There are 42 different one-arm alternating labyrinths with 7 circuits. Among these there is one pair of complementary interesting labyrinths. Now how does it look in pairs of complementary unintersting labyrinths? This question has already been indirectly answered in my last post (see related posts below): There is none! This sounds surprising. Therefore I address it further here. The 42 labyrinths form 21 complementary pairs. One of it is composed of 2 interesting labyrinths. We also know there are 22 interesting labyrinths. So the other 20 pairs are made up of an interesting and an uninteresting labyrinth each. Therefore no possibility remains for a pair with two complementary uninteresting labyrinths. What is the reason for that?
As we have seen, only in alternating labyrinths with an odd number of circuits it is possible to derive a complementary (see related posts). In such labyrinths the pathway always enters on an odd-numbered ciruit and also reaches the center from an odd-numbered circuit. Further, in one-arm labyrinths the pathway cannot enter the labyrinth on the same circuit from which it reaches the center.

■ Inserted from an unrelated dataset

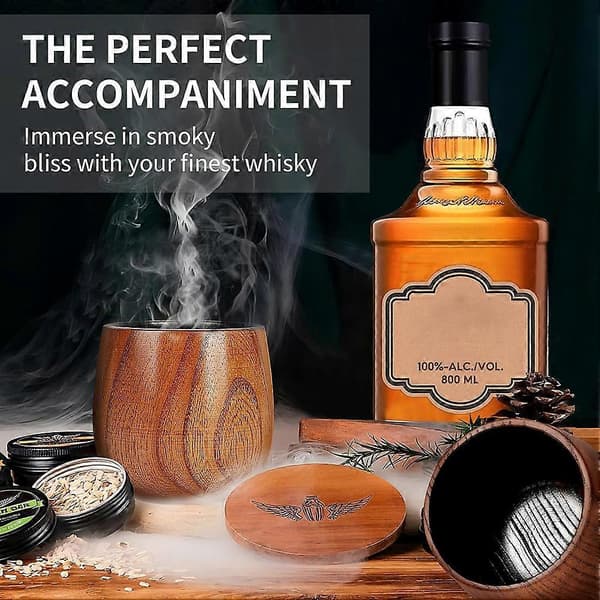 Whiskeyglas i trä, set (2 st) - Förkolnade Old Fashioned-glas för män, premiumdryckesglas för whiskeyentusiaster 3pcs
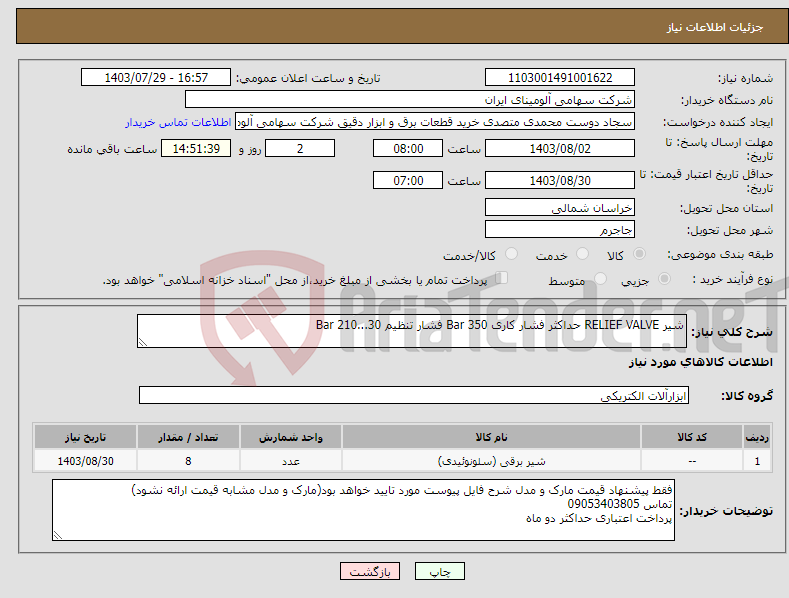 تصویر کوچک آگهی نیاز انتخاب تامین کننده-شیر RELIEF VALVE حداکثر فشار کاری Bar 350 فشار تنظیم Bar 210...30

In uninteresting labyrinths the pathway always must enter the labyrinth on the outermost circuit or reach the center from the innermost circuit. The complementary is derived by mirroring. By this, the outermost is transformed to the innermost circuit and vice versa. If in an original labyrinth the pathway enters on the first circuit, it is an uninteresting labyrinth. In the complementary the path will enter on the innermost circuit. Thus the complementary is not an uninteresting labyrinth, unless the path would reach the center from the innermost circuit. This, however is not possible, as it already enters the labyrinth on this circuit. The original is an unintersting, but the complementary an interesting labyrinth. The other alternative would be that the path in the original labyrinth reached the center from the innermost circuit. But then in the complementary it would reach the center from the outermost circuit what is not an unintersting labyrinth. Therefore the complementary could only be an unintersting labyrinth, if the path would enter it on the outermost circuit. This, however is impossible, as the path reaches the center from this circuit.
These results are only valid for one-arm labyrinths with up to 7 circuits. In labyrinths with mulitiple arms, the pathway may reach the center from the same circuit on which it enters the labyrinth. Thus, for example it could enter the original labyrinth on the first circuit and also reach the center from the first circuit. This would consitute an uninteresting labyrinth. In the complementary, the pathway would then enter the labyrinth on the innermost circuit and also reach the center from the innermost circuit, what again would qualify for an uninteresting labyrinth. In one-arm labyriths with more thean 7 circuits the definition of what constitutes an uninteresting labyrinth can be extended. In these cases trivial circuits can be added not only at the outside or inside of smaller interesting labyrinths (what generates uninteresting labyrints) but also on central circuits between other interesting elements at the inside and outside of the labyrinth, what also may generate uninteresting labyrinths.